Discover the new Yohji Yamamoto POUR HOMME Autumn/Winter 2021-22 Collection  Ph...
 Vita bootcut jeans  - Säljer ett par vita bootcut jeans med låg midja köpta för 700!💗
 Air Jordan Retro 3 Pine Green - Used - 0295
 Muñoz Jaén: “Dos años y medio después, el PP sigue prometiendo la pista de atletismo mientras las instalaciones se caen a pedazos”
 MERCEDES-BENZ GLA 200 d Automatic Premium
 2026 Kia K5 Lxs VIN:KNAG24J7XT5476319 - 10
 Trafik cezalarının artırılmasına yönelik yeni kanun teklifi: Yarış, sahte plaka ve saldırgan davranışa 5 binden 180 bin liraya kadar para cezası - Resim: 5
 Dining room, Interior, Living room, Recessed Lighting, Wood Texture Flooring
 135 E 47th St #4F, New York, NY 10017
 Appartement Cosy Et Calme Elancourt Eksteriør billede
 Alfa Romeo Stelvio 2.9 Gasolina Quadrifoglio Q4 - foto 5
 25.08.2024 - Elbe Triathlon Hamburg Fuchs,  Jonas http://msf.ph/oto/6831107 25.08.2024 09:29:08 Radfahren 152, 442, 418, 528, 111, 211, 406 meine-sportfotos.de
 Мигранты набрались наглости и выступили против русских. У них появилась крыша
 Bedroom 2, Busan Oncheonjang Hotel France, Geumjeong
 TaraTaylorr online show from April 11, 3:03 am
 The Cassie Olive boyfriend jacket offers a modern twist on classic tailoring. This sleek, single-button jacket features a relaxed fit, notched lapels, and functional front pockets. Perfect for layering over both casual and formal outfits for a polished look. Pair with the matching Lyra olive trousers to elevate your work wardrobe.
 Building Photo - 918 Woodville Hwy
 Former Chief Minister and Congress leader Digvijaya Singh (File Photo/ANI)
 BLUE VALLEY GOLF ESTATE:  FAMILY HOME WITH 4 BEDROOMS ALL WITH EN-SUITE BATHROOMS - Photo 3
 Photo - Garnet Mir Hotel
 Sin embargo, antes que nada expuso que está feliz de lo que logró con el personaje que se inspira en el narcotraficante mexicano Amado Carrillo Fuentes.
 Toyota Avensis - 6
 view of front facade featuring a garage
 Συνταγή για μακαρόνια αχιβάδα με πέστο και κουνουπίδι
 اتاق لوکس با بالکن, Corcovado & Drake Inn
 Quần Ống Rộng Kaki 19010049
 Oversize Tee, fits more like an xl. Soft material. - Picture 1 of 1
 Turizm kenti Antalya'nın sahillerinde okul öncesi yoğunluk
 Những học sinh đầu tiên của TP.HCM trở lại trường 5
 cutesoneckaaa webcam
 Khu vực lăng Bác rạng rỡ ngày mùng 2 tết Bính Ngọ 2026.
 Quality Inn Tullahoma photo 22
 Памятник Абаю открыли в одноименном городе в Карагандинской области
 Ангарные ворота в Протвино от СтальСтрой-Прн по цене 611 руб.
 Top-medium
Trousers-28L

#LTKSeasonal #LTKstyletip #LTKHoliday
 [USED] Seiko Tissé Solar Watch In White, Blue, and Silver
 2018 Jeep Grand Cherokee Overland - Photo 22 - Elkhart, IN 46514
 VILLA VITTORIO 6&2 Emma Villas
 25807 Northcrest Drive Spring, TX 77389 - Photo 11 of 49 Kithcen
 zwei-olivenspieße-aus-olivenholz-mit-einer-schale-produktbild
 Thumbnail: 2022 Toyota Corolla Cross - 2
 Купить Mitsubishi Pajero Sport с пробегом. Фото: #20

━━━━━━━━

#### Activity:
Where the string "Toyota" shows up in the listing above, copy the line that holds it.

#### Solved exercise:
 Toyota Avensis - 6
 Thumbnail: 2022 Toyota Corolla Cross - 2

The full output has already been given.